Он уставился на меня, начиная что-то понимать.
- Зверь? Да кто ты такой, мать твою?..
Я выпрямился и гордо вскинул голову.
- Я - тот, об кого ты, падла, чесал на киче свои вонючие кулаки. Я нынешний твой хозяин. А ты - мой раб.
Но он, похоже, так и не смог меня припомнить. Последние же мои слова и подавно лишили его желания копаться в прошлом.
- Раб?! - дико заорал он. - Я - раб?! Да я тебе, сучий потрох, башку сверну за такие слова! А ну живо вытащи меня отсюда!
- Нет, Зверь, или как тебя там, отсюда для тебя выхода нет. Ты останешься здесь навсегда. Потому что ты - мой раб.
Он выкатил глаза, захрипел, до хруста сжал кулачищи.
- Убью, сука!!!
Я и глазом моргнуть не успел, как его рука взметнулась кверху, и пустая бутылка из-под водки, словно пушечный снаряд, вылетела из люка. Это было так неожиданно, что я ничего не успел сообразить. Однако что-то заставило меня шарахнуться в сторону - и вовремя: бутылка пролетела всего в трёх сантиметрах от моей головы.
Это было неприятно. Однако выходка Зверя меня только раззадорила. Я увидел в нём достойного противника, равного мне, и сломать его, растоптать, унизить, заставить принять мои правила игры означало бы для меня серьёзную победу. И я решил её добиться. Во что бы то ни стало.
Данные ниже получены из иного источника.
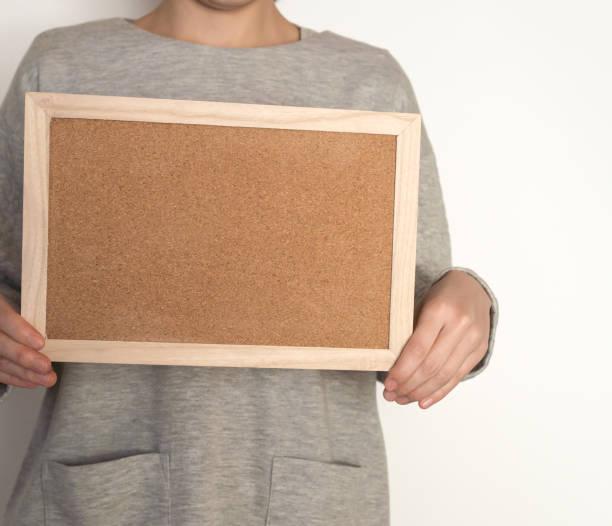 istock Woman holding a cork board 824584006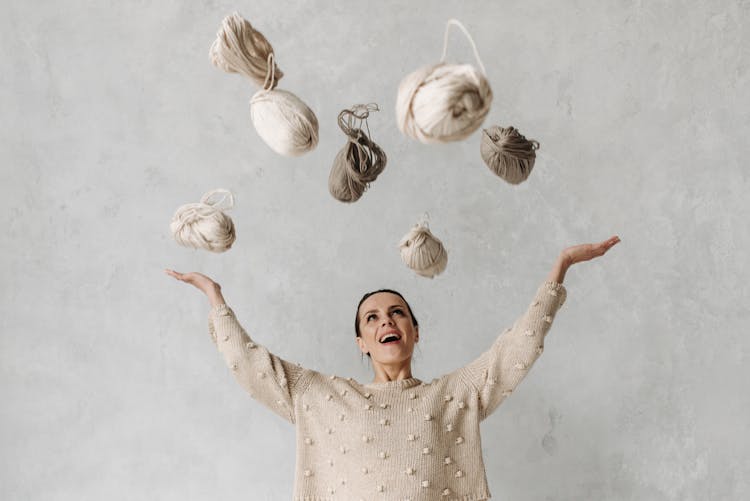 A Woman In A Sweater Throwing Yarns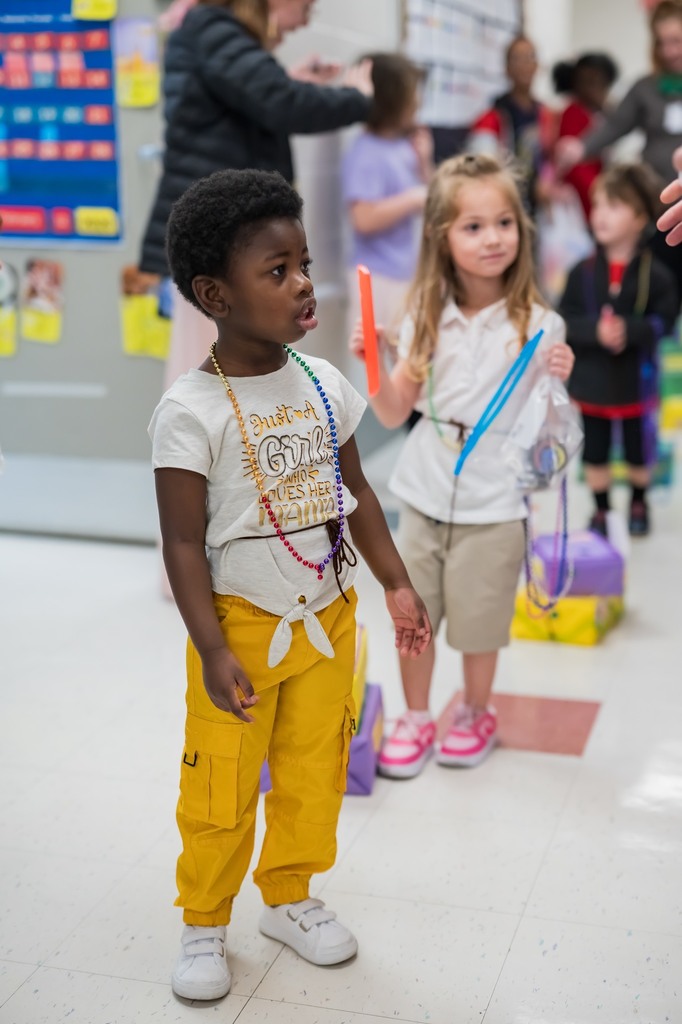 Two girls walking in a hallway with Mardi Gras beads on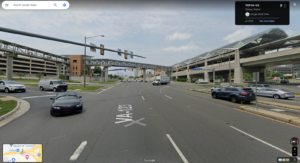 Google Maps screenshot of VA-123, showing the pedestrian bridge in the background connecting to the metro station on the right. A car enters the roadway through a slip lane. There are at least six lanes of traffic shown.
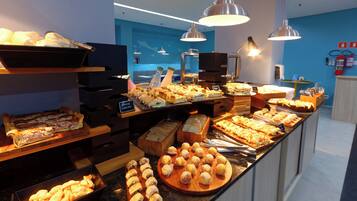 Buffet com diversos itens, incluindo doces, sanduíches e sobremesas.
Я не стал вступать со Зверем в перебранку и выяснять с ним отношения, считая это неподобающим для хозяина, каковым я себя по праву считал. Не о чем мне говорить с рабом. Денька два покантуется в этом дерьме, спеси-то, глядишь, у него и поубавится. Я захлопнул люк.
Сгонял в ближайший магазин, взял с десяток бутылок пива, кое-какой закуски, приволок всё в свою конуру и завалился на диван. Сегодня я намерен был оттянуться на все сто: поимка Зверя - событие слишком значительное, чтобы не отметить его. Потягивая пивко и наслаждаясь жизнью, краем уха я прислушивался к тому, что происходило внизу. А там тем временем происходило следующее.